The first night of Hanukkah is Wednesday, December 1st.

From At Home…Latkes and Choucroute
Many years of demanding work, single fatherhood and a reclusive social life meant I was a near-celibate when it came to home entertaining. Christina changed all that. She has a wide range of friends and family and loves having them over. A very stylish entertainer, she always has a bottle of champagne in the refrigerator and her oft-repeated and perfected salt and pepper chicken is featured on page 157. Naturally, Christina has influenced the shape of this book, just as she’s shaped my home entertaining attitude. She is from the KISS school of entertaining: Keep It Simple, Sweetheart. Her philosophy is that by keeping it simple, you’ll be inclined to host more often and maintain the focus on your guests. For too long, I thought of entertaining as my art and guests were simply a welcome excuse to practice that art. Married on November 29th, we decided on an early December holiday gathering. Worn out from our wedding and the demands of recipe testing, I was, frankly, hardly in the mood for extracurricular cooking. Yet holiday entertaining was a long-held Christina tradition and we wanted to celebrate married life with friends and family in a season of celebrations. Potato latkes (see page 340) were de rigueur. On my list of recipes to test was choucroute garnie, the traditional pork-laden sauerkraut dish that I made for Christina for our first New Year’s Day together. So, killing two birds with one stone, the choucroute garnie complemented our latkes, making for a reasonable Hanukkah and Christmas pairing befitting our respective holiday traditions. Dessert was lavender ice cream—leftovers from the batch I’d made for our wedding.

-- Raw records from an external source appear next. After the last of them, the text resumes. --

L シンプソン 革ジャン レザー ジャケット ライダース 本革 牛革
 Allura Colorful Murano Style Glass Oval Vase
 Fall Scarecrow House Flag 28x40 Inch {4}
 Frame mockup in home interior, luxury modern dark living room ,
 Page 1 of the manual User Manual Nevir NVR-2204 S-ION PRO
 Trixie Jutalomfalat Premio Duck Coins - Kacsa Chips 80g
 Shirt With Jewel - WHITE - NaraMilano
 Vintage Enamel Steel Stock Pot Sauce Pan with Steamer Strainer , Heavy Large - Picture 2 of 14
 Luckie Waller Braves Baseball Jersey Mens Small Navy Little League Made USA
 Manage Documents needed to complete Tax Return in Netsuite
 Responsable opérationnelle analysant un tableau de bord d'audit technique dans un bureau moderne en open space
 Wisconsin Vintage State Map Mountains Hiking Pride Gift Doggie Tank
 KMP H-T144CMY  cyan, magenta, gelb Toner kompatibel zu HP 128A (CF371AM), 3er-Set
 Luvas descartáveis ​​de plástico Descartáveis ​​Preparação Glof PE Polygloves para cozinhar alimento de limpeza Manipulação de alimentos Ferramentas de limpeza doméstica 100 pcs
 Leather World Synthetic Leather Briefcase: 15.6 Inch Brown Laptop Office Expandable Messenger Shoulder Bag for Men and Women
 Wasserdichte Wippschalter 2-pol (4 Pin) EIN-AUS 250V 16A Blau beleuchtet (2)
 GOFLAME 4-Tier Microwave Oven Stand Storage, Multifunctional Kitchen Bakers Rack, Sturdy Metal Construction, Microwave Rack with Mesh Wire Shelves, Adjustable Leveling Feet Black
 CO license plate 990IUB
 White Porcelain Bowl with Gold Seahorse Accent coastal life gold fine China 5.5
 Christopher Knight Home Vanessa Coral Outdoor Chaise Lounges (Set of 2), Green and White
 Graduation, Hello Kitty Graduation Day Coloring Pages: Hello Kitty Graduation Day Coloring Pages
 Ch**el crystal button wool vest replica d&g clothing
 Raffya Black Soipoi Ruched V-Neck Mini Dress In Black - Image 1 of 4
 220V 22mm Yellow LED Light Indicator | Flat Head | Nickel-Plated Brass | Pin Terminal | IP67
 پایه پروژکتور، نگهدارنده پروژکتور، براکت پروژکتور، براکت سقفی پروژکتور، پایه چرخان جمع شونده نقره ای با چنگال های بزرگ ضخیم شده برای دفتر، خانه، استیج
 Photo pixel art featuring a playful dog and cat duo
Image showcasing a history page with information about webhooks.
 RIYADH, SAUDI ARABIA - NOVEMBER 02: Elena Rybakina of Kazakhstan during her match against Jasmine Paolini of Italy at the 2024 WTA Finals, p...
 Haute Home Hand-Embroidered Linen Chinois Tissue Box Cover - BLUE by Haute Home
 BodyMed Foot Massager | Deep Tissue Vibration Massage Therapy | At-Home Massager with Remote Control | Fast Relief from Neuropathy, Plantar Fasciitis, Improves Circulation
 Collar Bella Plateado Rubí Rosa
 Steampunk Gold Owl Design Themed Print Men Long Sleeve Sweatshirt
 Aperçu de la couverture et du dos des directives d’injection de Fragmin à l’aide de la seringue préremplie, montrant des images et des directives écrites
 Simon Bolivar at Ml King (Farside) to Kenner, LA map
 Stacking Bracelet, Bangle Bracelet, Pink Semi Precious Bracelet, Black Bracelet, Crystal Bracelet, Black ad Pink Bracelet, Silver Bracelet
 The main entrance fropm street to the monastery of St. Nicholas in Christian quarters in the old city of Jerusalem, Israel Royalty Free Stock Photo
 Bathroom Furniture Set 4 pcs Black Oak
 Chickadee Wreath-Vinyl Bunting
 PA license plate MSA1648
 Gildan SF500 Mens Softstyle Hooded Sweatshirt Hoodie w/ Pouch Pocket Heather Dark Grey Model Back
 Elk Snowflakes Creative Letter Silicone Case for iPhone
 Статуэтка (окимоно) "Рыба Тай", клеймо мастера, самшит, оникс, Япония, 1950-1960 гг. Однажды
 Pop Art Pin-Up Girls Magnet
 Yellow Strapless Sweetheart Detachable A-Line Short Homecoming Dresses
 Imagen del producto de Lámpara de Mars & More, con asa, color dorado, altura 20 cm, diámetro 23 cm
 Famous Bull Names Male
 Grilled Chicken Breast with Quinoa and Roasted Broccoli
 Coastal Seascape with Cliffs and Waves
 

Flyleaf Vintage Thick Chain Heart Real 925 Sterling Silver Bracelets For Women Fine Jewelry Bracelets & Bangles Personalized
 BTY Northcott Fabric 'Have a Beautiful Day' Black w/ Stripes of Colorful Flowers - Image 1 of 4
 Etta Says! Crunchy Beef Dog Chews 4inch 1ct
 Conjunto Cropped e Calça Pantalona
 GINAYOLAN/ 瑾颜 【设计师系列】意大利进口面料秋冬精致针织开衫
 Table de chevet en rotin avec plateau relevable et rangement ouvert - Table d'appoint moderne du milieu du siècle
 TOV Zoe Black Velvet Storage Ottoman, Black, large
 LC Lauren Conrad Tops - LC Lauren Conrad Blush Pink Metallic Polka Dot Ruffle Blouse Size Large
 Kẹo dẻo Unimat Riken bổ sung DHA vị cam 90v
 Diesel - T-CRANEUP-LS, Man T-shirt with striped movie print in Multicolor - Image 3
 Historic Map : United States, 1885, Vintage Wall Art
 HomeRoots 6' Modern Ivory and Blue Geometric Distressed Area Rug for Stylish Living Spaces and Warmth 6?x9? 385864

Traditional Potato Latkes & Applesauce
It’s a shame that potato pancakes tend to be made only for Hanukkah, the Jewish holiday that comes in December. The Hanukkah story celebrates the miracle of oil—there was reportedly just enough to burn one day in the temple, but it lasted for eight days. The fact that potato pancakes require prodigious amounts of oil to fry is surely a coincidence. The key to making them crispy is to squeeze out excess water from the grated onion and potato. Make the applesauce first so it’s ready for your hot latkes. The recipe will yield more than you will likely need for the latkes.

do ahead Applesauce may be made up to two weeks ahead and stored in the refrigerator. Latkes may be made up to three days ahead and stored, tightly wrapped, in the refrigerator or frozen up to a month. Reheat in a 350° oven for 7-10 minutes, turning them over midway through.

Applesauce
1 cup apple cider
2 cinnamon sticks
21⁄2 pounds apples (for best results, use a mix of sweet and tart)
sugar to taste
Latkes
1 pound onion, peeled
11⁄2 pounds Yukon gold potatoes
3 large eggs, lightly beaten
2 tablespoons all-purpose flour
1 teaspoon salt
1⁄2 teaspoon pepper
vegetable oil

1 Make the applesauce: In a large pot, add apple cider and cinnamon sticks and simmer slowly for 10 minutes, taking care not to boil the cider away.
2 Leaving skin on, core apples and cut them into chunks.
3 Add apples and sugar to pot. Increase heat to high and cover. After about 5 minutes, stir apples to move the top apples down into the liquid. Continue cooking until apples are soft and falling apart, about 10-15 minutes more.
4 Remove cinnamon sticks and reserve. Using a food mill or food processor, puree apples to desired texture. Add back cinnamon sticks to sauce. Chill. (Just be sure to remove cinnamon sticks before serving.)
5 Make the latkes: On the largest holes of a box grater, grate onion and potatoes. The large-holed grating disk on the food processor does a fine job too. Turn the mixture onto several layers of cheesecloth or an open kitchen towel. Gather the corners and squeeze the water from the mixture.
6 Combine eggs, flour, salt and pepper in large bowl. Add onions and potatoes and mix well.
7 Preheat oven to 200°. Line a baking sheet with two layers of paper towels and have another unlined baking sheet ready. Heat 1⁄2 cup oil in a sauté pan over moderately high heat until very hot but not smoking. Fill a 1⁄3 cup measure with the potato mixture. Drop it into the sauté pan and push it down with the flat side of the measuring cup so you have a pancake about 3 inches in diameter and 1⁄4-inch thick. Cook pancakes until brown and crisp on one side, about 2-3 minutes, and flip, taking care not to splatter the oil. Continue cooking for 1-2 minutes more. Add more oil as needed, making sure to get the oil hot before adding the pancake mixture. Adjust heat as needed so that the pancakes brown as they cook through without burning. As you get to the bottom of the mix it will be watery, so be sure to give it a stir. Transfer cooked pancakes to the prepared baking sheet to drain. Pat the top of the pancakes with another double layer of paper towels. Cook remaining batter in batches until all the pancakes are cooked, transferring cooked and drained pancakes to the unlined baking sheet.
8 Keep them warm in the oven until ready to serve. Serve with applesauce and/or sour cream.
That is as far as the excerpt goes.